What to submit and when:
Work in pairs
The goal of the lab is to explore Huffman encoding as a greedy algorithm.
Huffman encoding is an approach to data encoding that minimizes storage by assigning shorter codes to more frequent letters and longer codes to more frequent ones. The encoding is known as prefix-free which means that no letter code is a prefix of any other one. For instance, if the most frequent letter is encoded as 0 then no other letter code starts with 0. Thus decoding is unambiguous at every point. Huffman codes are described in section 16.3 (p. 428) in CLRS and on the wikipedia page https://en.wikipedia.org/wiki/Huffman_coding Huffman encoding is an optimal encoding (i.e. it produces the shortest encoding of 0s and 1s) for a text that follows the specified letter frequencies.
As an example, consider an alphabet of 5 letters with frequencies given below:
Letter: | a | b | c | d | e |
Frequency, %: | 51 | 22 | 15 | 7 | 5 |
The algorithms for finding Huffman code forms a binary tree in which nodes represent either a single letter or a combination of letters. Initially all letters are placed in a min-priority queue, where the key is the frequency. The algorithms proceeds by combining two nodes with the least frequencies into one that has the combined frequency, and adding it back into the queue. The process continues until there is only one combined node which is the root of the trree. Then each left branch in the tree is denoted by 0 and the right branch by 1. The codes for each letter are the paths to them in the tree.

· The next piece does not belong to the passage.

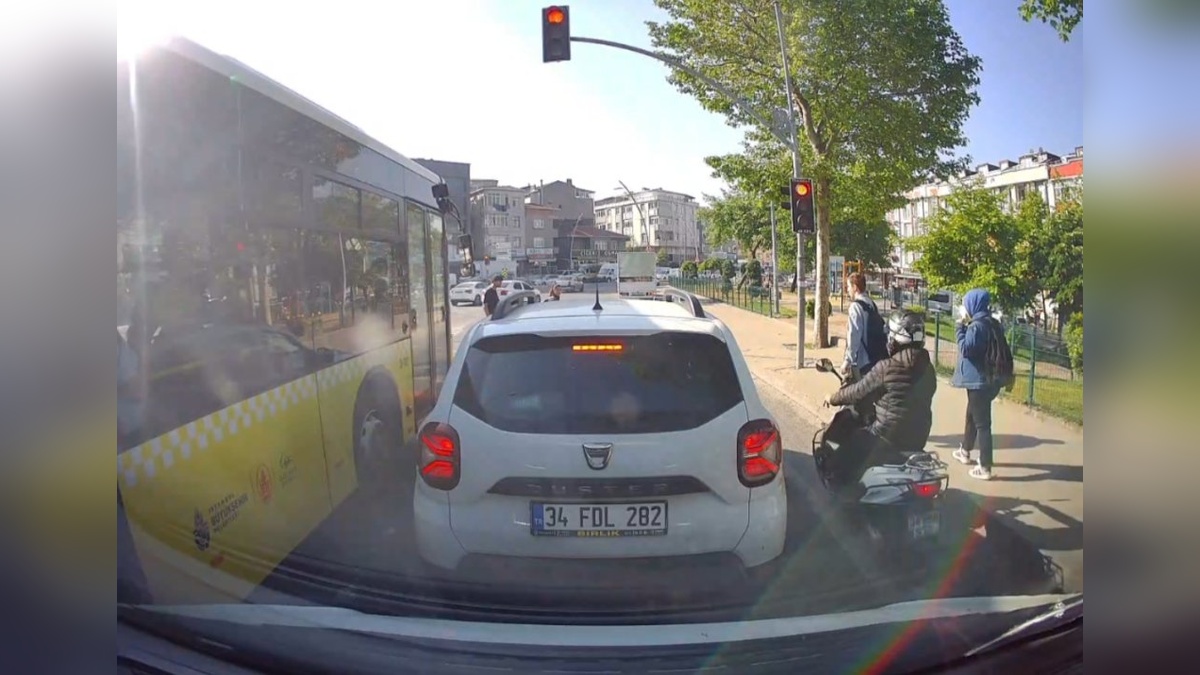 Sultangazi'de kaza: Motosiklet sürücüsü öğrenciye çarptı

The textbook or the compression section of the wikipedia page provide more details.
The encoding for the example above is:
Letter: | a | b | c | d | e |
Encoding: | 1 | 00 | 011 | 0101 | 0100 |
As an exercise, encode the strings ace
and add
according to the above encoding. Then decode the strings 101011
and 0010101
. Note how prefix-free encoding makes decoding easy.
Your goal is to write a program that reads in an alphabet with letter frequencies and produces Huffman codes for this letters. It then allows you to encode and decode texts in this alpahbet using the Huffman encoding you have constructed. More specifically:
a 51 b 22 c 15 d 7 e 5The frequences are assumed to be in decreasing order and add up to 100%. New line signals end of input.
e addWhere the first letter is "e" for "encode" and "d" for "decode", and the following word is what you would like to encode or decode. Spaces and other symbols outside the alphabet should be ignored.
When submitting your program, please explain what its eficiency is for finding Huffman codes (where n is the number of letters in the alphabet). Don't forget to include the efficiency of data structures that you are using, if any.